Activity:
Give again, word for word, each line below starting at the one that contains "Ceramic Ornament Baptism Personalized" and ending at the one that contains "8 Pheasant Design".

Provided records:

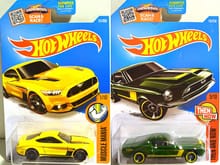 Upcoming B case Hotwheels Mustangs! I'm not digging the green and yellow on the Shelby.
==
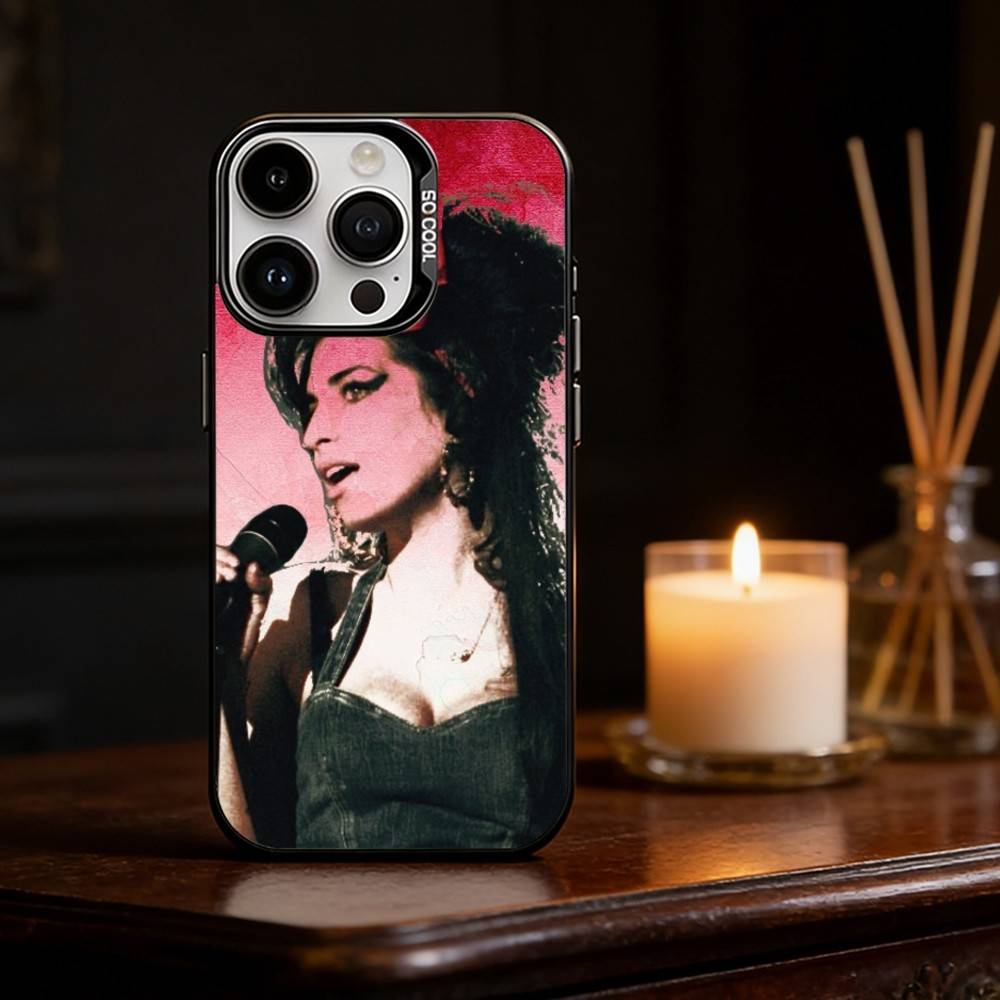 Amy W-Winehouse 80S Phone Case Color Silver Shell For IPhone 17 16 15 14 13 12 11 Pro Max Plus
...
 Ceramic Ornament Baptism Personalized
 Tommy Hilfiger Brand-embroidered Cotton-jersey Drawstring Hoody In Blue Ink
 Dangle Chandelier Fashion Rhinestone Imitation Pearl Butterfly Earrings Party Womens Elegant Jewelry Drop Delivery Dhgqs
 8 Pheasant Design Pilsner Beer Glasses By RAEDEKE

Solved problem:
 Ceramic Ornament Baptism Personalized
 Tommy Hilfiger Brand-embroidered Cotton-jersey Drawstring Hoody In Blue Ink
 Dangle Chandelier Fashion Rhinestone Imitation Pearl Butterfly Earrings Party Womens Elegant Jewelry Drop Delivery Dhgqs
 8 Pheasant Design Pilsner Beer Glasses By RAEDEKE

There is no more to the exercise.